La década de los 80 fue muy prolífica en cuanto a películas de ciencia ficción, tanto profundas, Blade Runner, como ligeras, Cazafantasmas. Para los niños fueron los años de El Vuelo del Navegante, Regreso al Futuro, El Último Guerrero Estelar y las dos secuelas de la trilogía original de Star Wars. A pesar de que estas películas son diferentes, son iguales en muchos aspecto. Era la década en la que había un único héroe, todo importaba y el mundo nunca era un lugar a salvo.
Fueron unos años en los que los jóvenes protagonistas eran sacados de una pequeña ciudad y empujados a asumir el papel de héroe.

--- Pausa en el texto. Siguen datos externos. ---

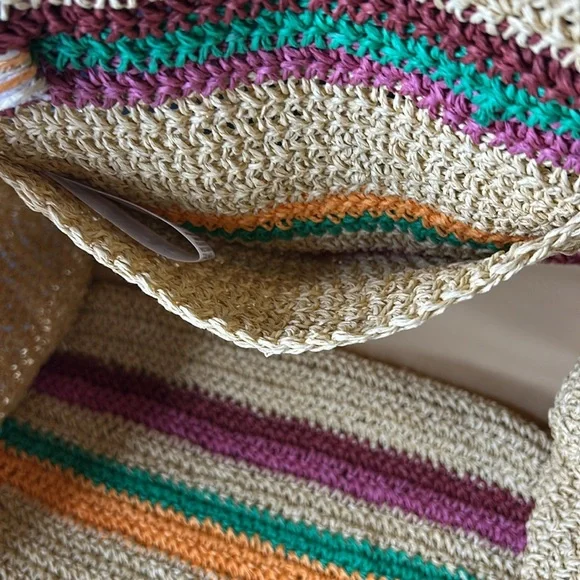 Suncoo Paris Aless Crochet Tote Bag NWT - Picture 9 of 10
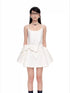 Bow-Detailed Satin-Blend Midi Slip Dress - CHINASQUAD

En El Último Guerrero Estelar Alex es un encargado de un parque para niños con la tarea de salvar a la galaxia. Luke Skywalker todavía está aprendiendo el camino del Jedi y acaba de salir de una granja de humedad, en Tatooine. Marty McFly se está quejando de su miserable vida familiar hasta que es enviado atrás en el tiempo.
Hay algo muy poderoso en este héroe de comienzos humildes. Ofreció un sentimiento que duró toda una década: podías ser cualquiera y aún así lograr grandes cosas. Como un niño, especialmente si crecías en un pueblo pequeño, ver el ataque final de Alex contra la nave nodriza de Ko-Dan, o el momento en el que David toma el control en El Vuelo del Navegante, era algo inspirador. Y, de verdad, era optimismo puro y duro, libre de ironía y cinismo, lo que hacía esas películas tan brillantes.